Code review (sometimes referred to as peer review) is a software quality assurance activity in which one or more people examine the source code of a computer program, either after implementation or during the development process. The persons performing the checking, excluding the author, are called "reviewers". At least one reviewer must not be the code's author. [1] [2]

Contents

Code review differs from related software quality assurance techniques like static code analysis,self-checks, testing, and pair programming. Static analysis relies primarily on automated tools, self-checks involve only the author, testing requires code execution, and pair programming is performed continuously during development rather than as a separate step. [1]

Goal

Although direct discovery of quality problems is often the main goal, [3] code reviews are usually performed to reach a combination of goals: [4] [5]

Review types

Several variations of code review processes exist, with additional types specified in IEEE 1028. [6]

Inspection (formal)

Historically, the first code review process that was studied and described in detail was called "Inspection" by its inventor, Michael Fagan. [7] Fagan inspection is a formal process that involves a careful and detailed execution with multiple participants and phases. In formal code reviews, software developers attend a series of meetings to examine code line by line, often using printed copies.
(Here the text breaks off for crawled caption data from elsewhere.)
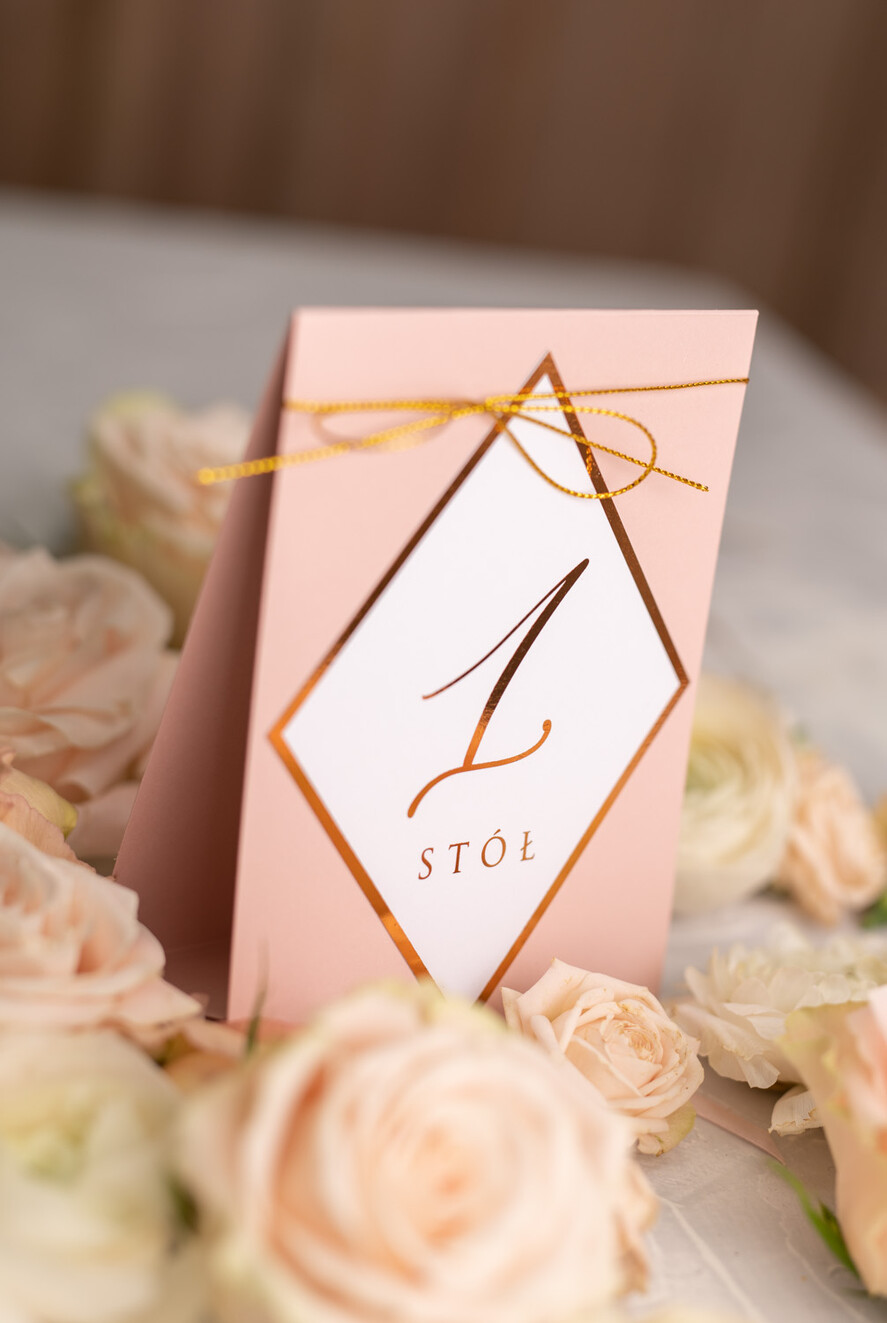 Numery na stół Glamour usadzenie gości numery na stół weselny, złoto klasyczna elegancja w stylu glamour1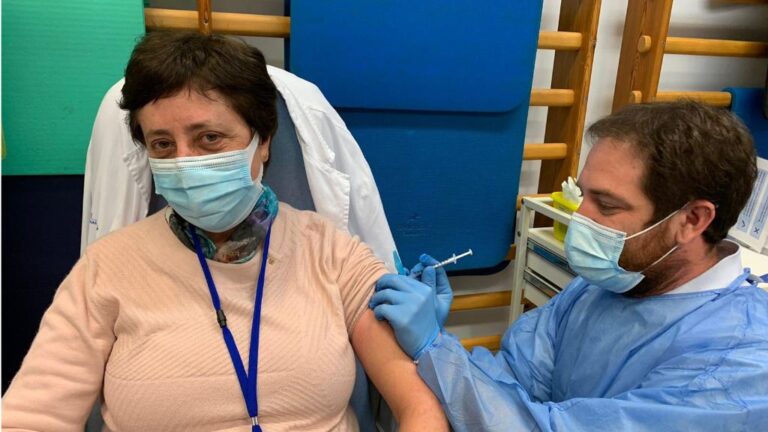 La gerente, Catalina Vadell, en el momento de recibir la inyección
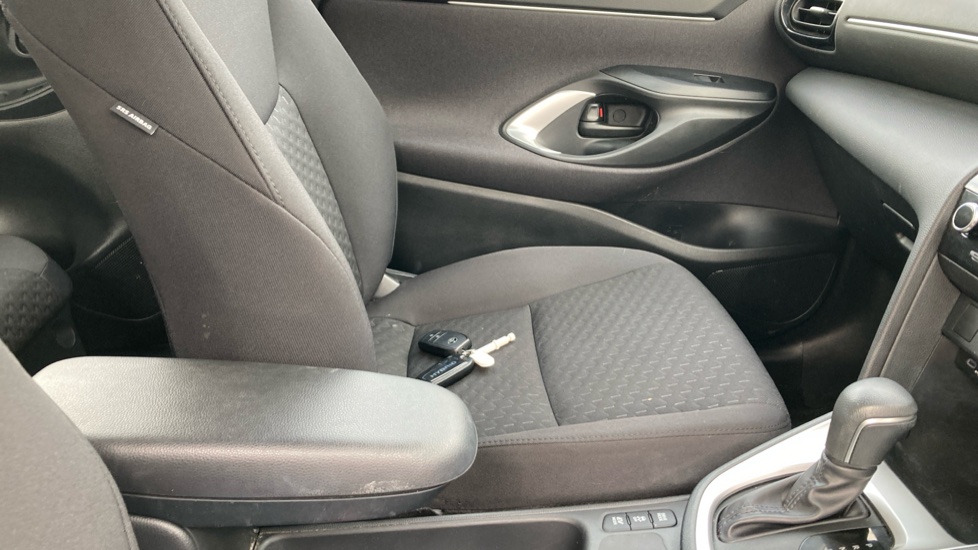Toyota Yaris Cross 1.5 Hybrid Icon 5dr CVT Hybrid Estate - Image 18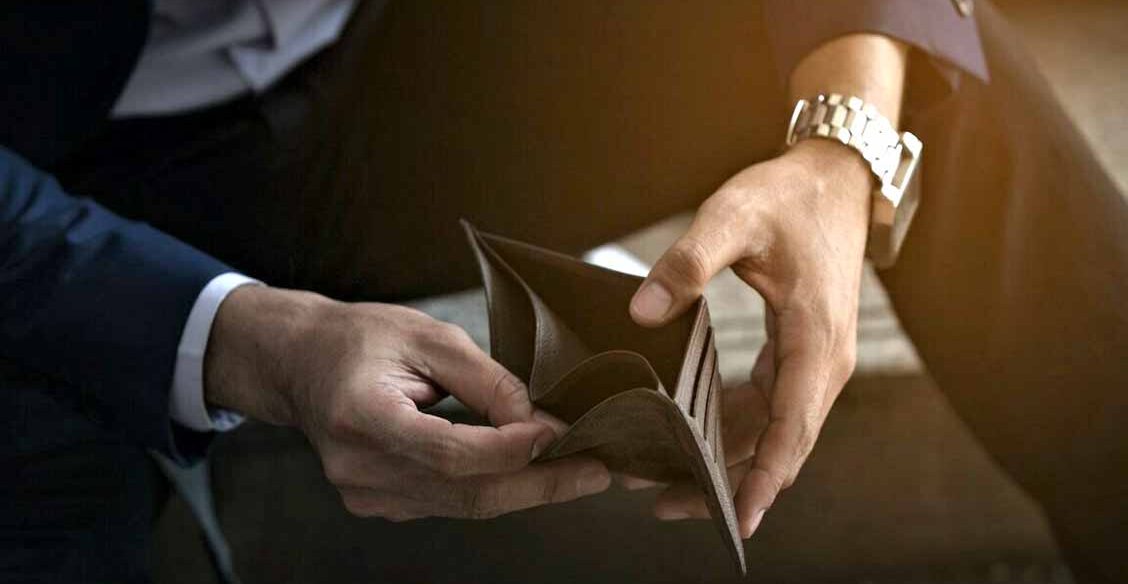 У меня кредиты, но платить нечем. Как объявить себя банкротом без суда?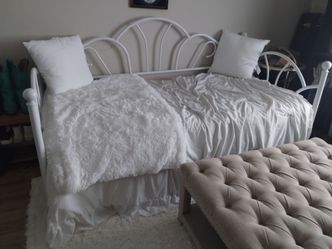 Walker Edison metal twin daybed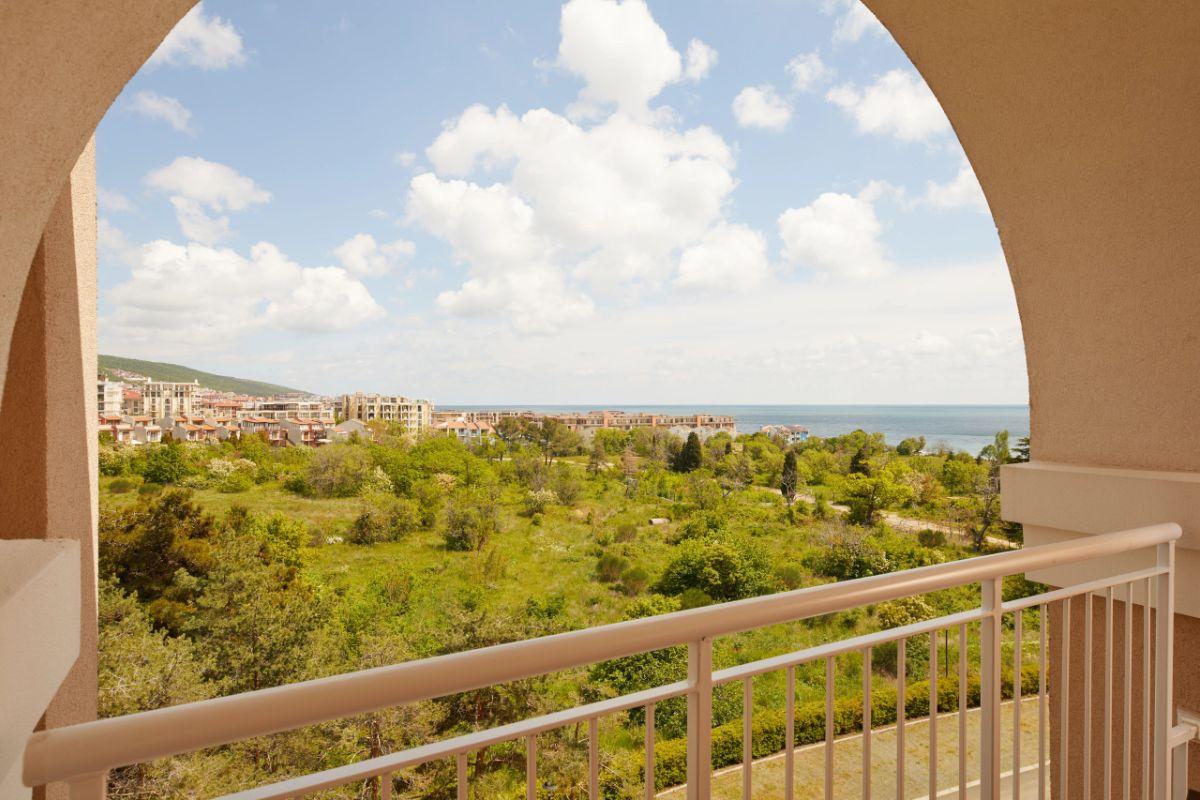 CAMERĂ DUBLĂ CU VEDERE LA PARC  Dreams Sunny Beach Resort & Spa  CAMERĂ DUBLĂ CU VEDERE LA PARC  Dreams Sunny Beach Resort & Spa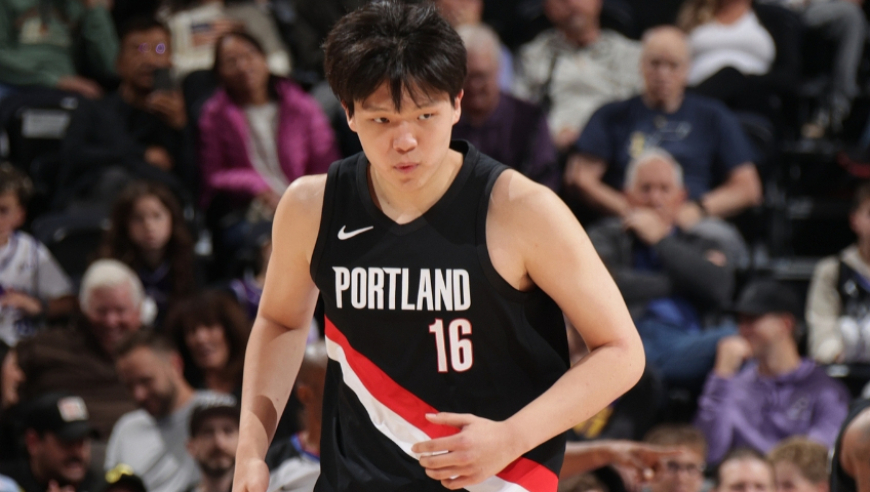 Top时刻 | 17日十佳球：杨瀚森遭隔扣 锡安助琼斯大风车暴扣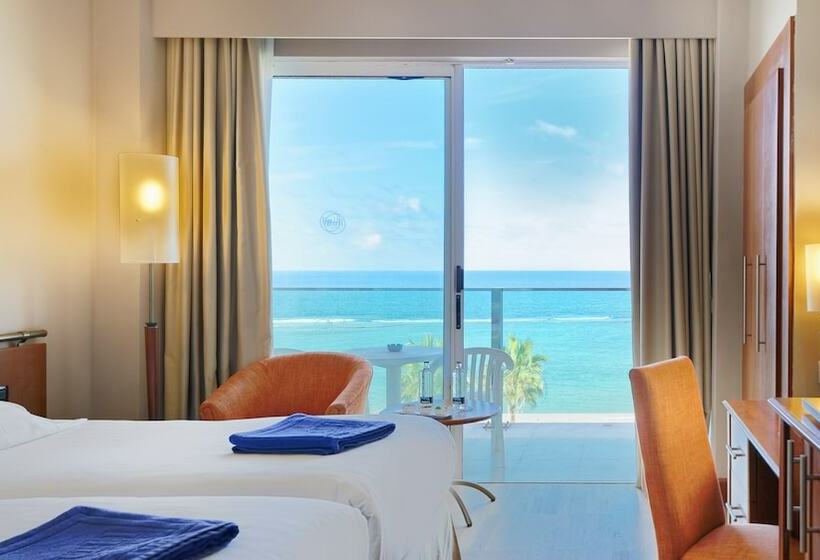 オーシャンビュースタンダードルーム, Bull Reina Isabel & Spa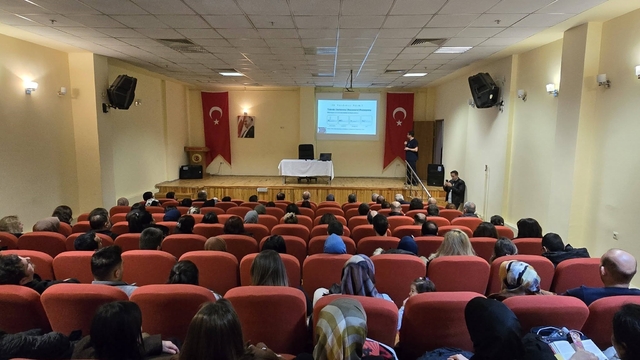 Emirdağ'da görev yapan öğretmenlere 'Temel İlk Yardım Eğitimi' düzenlendi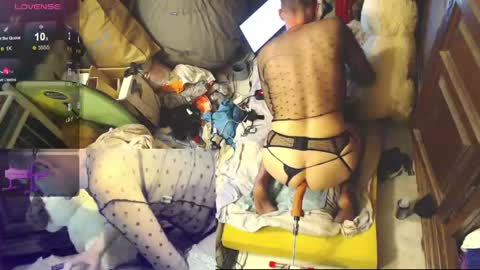 bisexcouplefrench online show from 04.18.26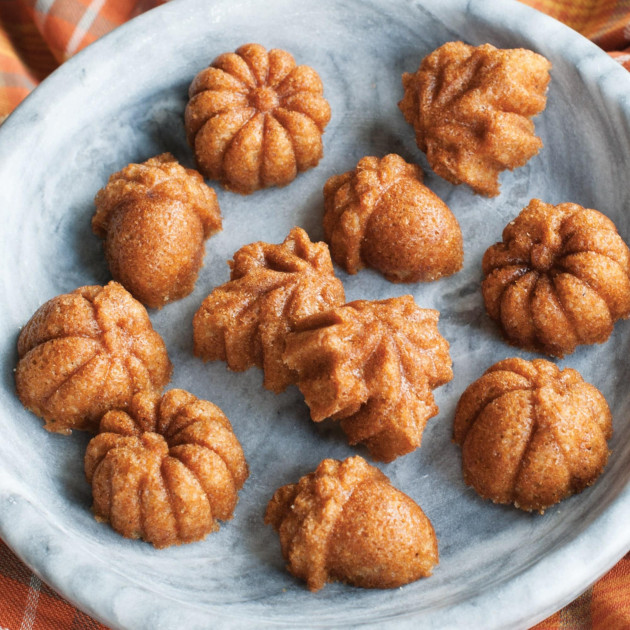 Moule Nordic Ware Garanti à Vie Moule Nordic Ware Garanti à Vie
Research has shown formal inspections to be extremely thorough and highly effective at identifying defects. [7]

Regular change-based code review (Walk-throughs)

In recent years,[ when? ] many industry teams have adopted a lighter-weight review process in which the scope of each review is on the changes to the codebase performed in a ticket, user story, commit, or some other unit of work. [8] [3] Furthermore, there are rules or conventions that integrate the review task into the development workflow through conventions like mandatory review of all tickets, commonly as part of a pull request, instead of explicitly planning each review. Such a process is called "regular, change-based code review". [1] There are many variations of this basic process. A 2017 survey of 240 development teams found that 90% of teams using code review followed a change-based process, with 60% specifically using regular change-based review. [3] Major software corporations including such as Microsoft, [9] Google, [10] and Facebook follow a change-based code review process.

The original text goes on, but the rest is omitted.